The convention will come to order. Youʼve got an agenda, and you just start, you know, (unintell) a document, convention rules, and just a general.. order of business, the highlights of course are going to be the endorsements.
Have you attended this particular event in this district before, cuz you say you were at the Sixth (Congressional District) at this time.
Oh yeah. Whether itʼs my own personal one or especially at the (fifth? sixth?) district level, I might be chairing some of them in the Sixth district or you just put in your appearance to make sure that if there are any problems, youʼve got somebody of a higher authority to come in and take care of the problems.
Ok, who’s of a higher authority, whose the kind of person you might call?
That would be, well basically I would be the higher authority.

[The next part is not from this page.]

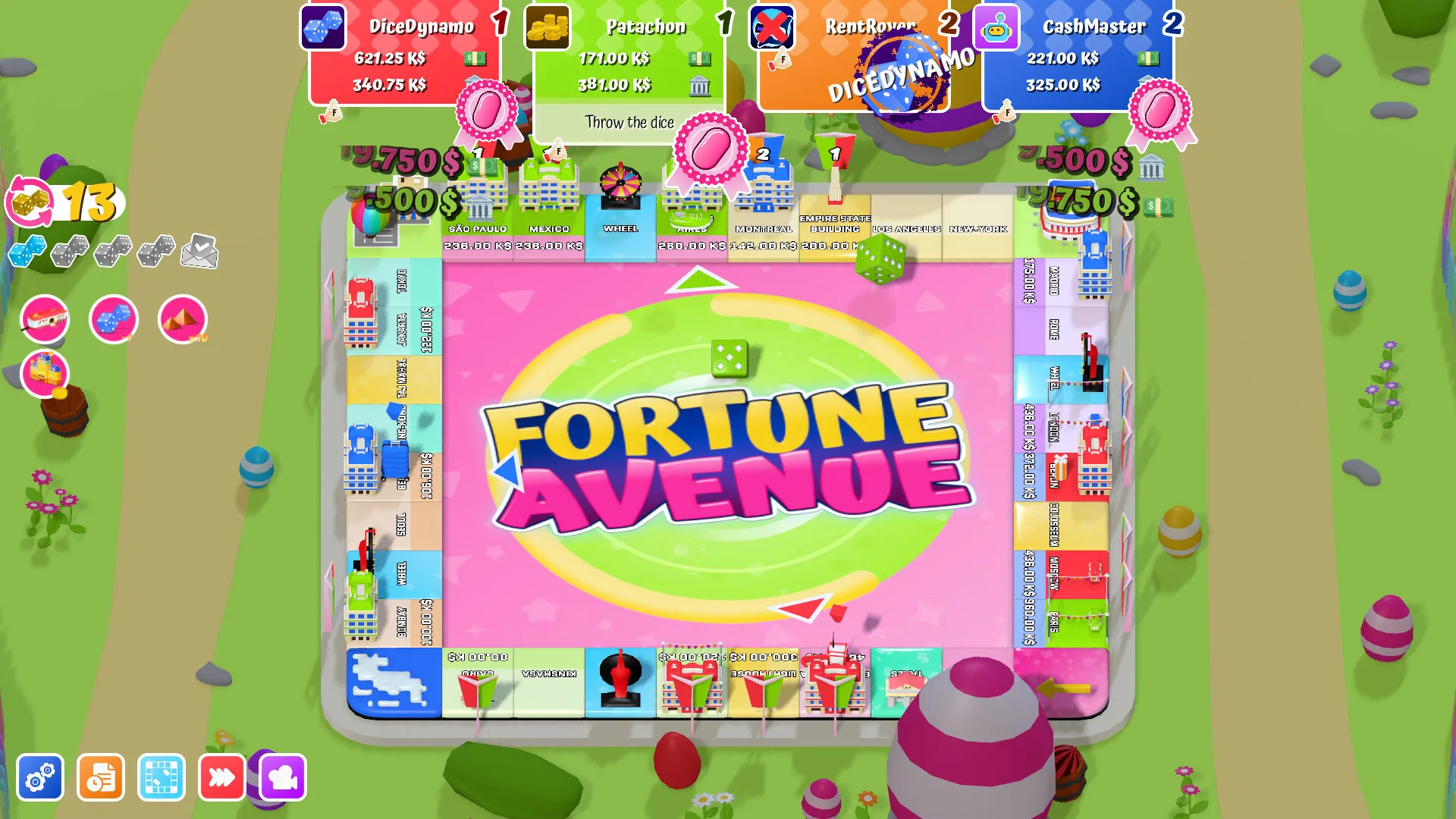 财富大道/Fortune Avenue 截图2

Ok, so Ms Schwarz calls the convention to order, what were your- did you notice anything about the attendance, the number of people in the room?
Um, there were a bit more new people there than normal, but I mean, Iʼve seen that before, thatʼs just part of the process. Because every two years, youʼve got a whole new crop of people that show up, and if they get elected, which is very easy at the senate district level, you know, theyʼre in at the convention.
About how many people do you recall, your ballpark estimate, were in the room?
I want to say, 350, 400.
Thatʼs higher than I heard. One of the people who was there told me that it was usually much smaller and there were a lot of new people.
Well I believe that space will hold about 500. There werenʼt a lot of spare seats floating around there.
Do you consider that a very high attendance for this? For the (unintell)?
Ok, itʼs about normal.
This senate district over the years, Mahtomediʼs been a key place, Forest Lake High Schoolʼs been a key place for holding conventions. Weʼll pack the joint.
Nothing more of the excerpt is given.